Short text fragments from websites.
%%

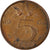 Moneda, Países Bajos, 5 Cents, 1964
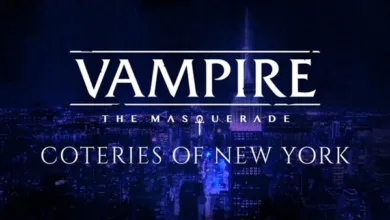 Vampire The Masquerade Coteries of New York Télécharger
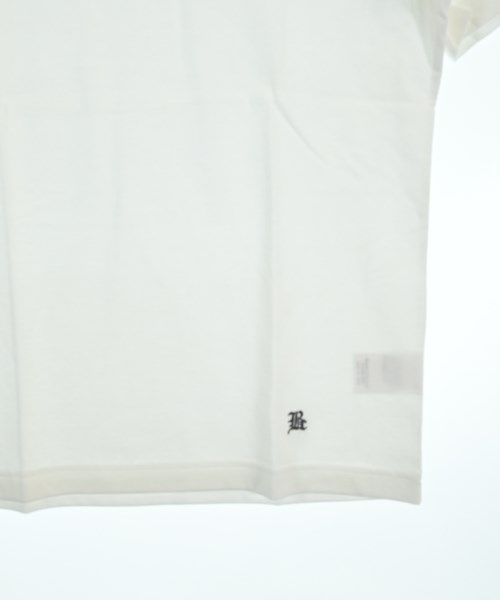 BACK CHANNEL（バック　チャンネル）Tシャツ・カットソー 白 サイズ:M メンズ/2200699896504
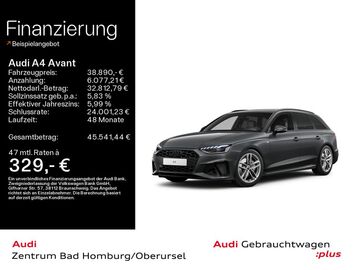 Gebrauchte Audi A4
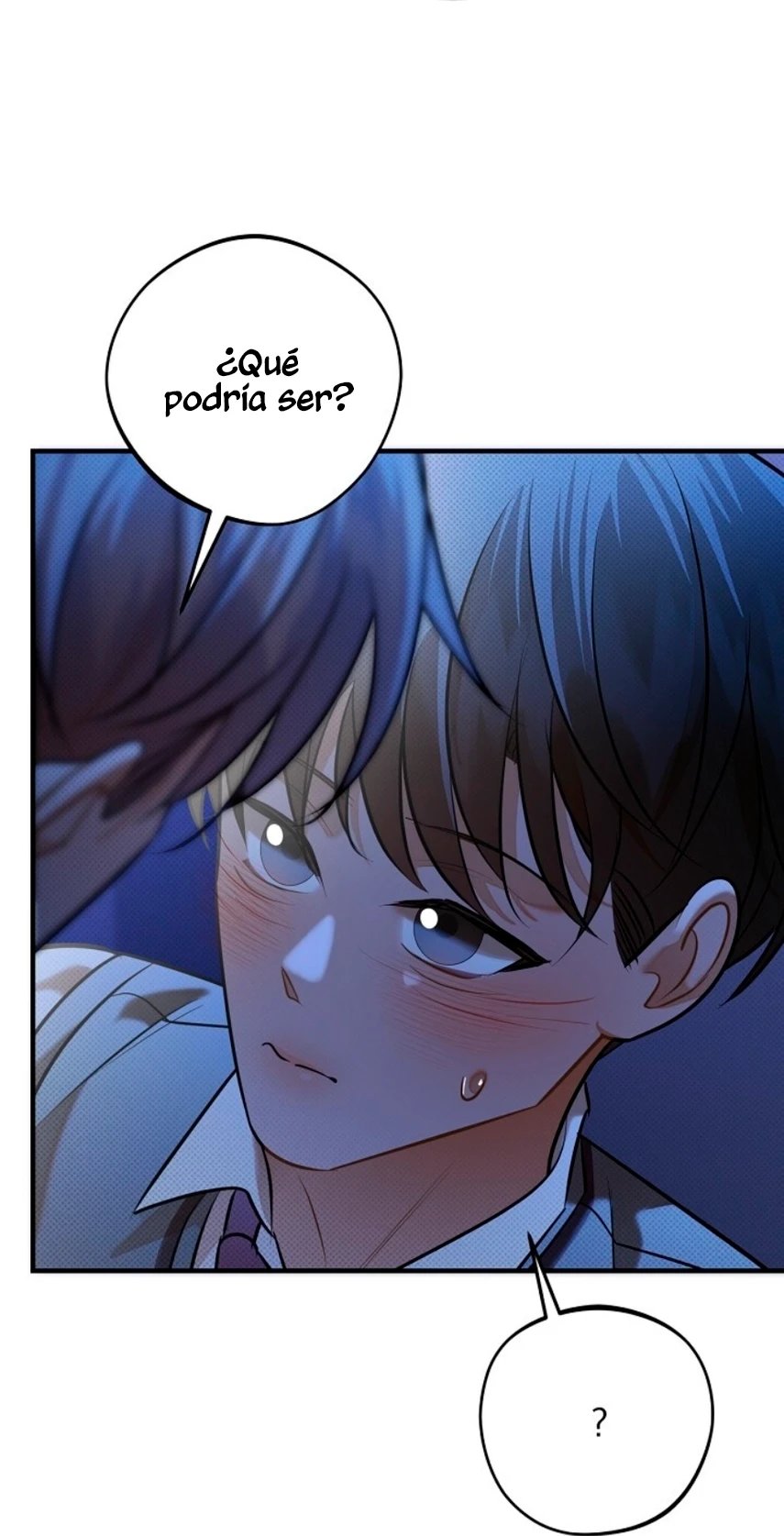 Eres diferente conmigo Capitulo 23 página 124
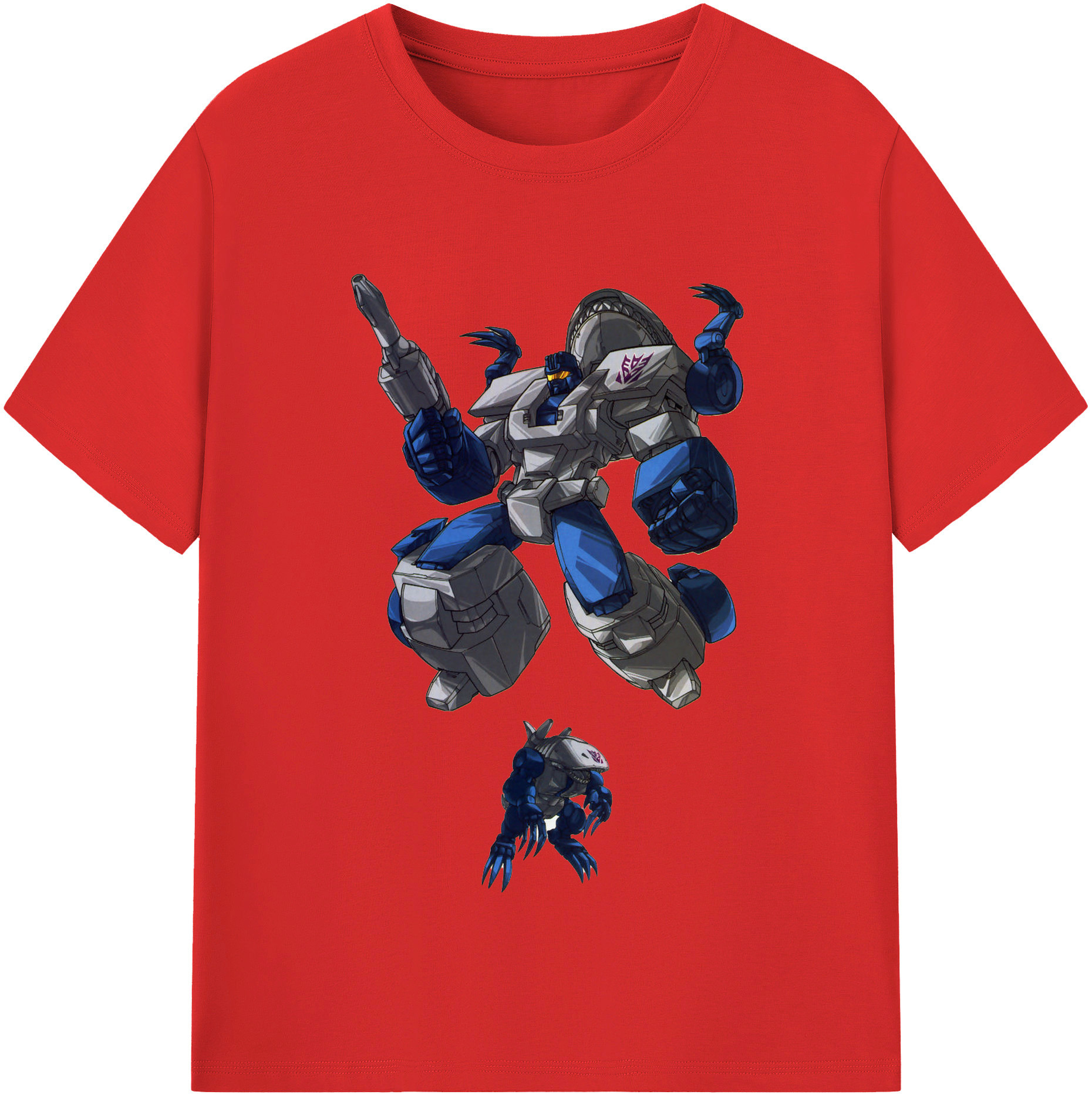  レディースカジュアルプリントTシャツ（綿100％）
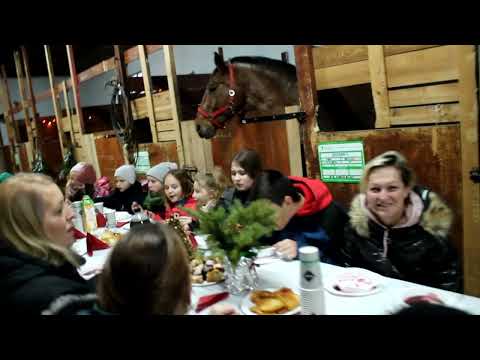 STAJNIA SIELANKA Wigilia 2021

%%

EXERCISE PROMPT. Return every entry unchanged and skip the pictures.

RESULT FOR THIS TASK.
 Moneda, Países Bajos, 5 Cents, 1964
 Vampire The Masquerade Coteries of New York Télécharger
 BACK CHANNEL（バック　チャンネル）Tシャツ・カットソー 白 サイズ:M メンズ/2200699896504
 Gebrauchte Audi A4
 Eres diferente conmigo Capitulo 23 página 124
  レディースカジュアルプリントTシャツ（綿100％）
 STAJNIA SIELANKA Wigilia 2021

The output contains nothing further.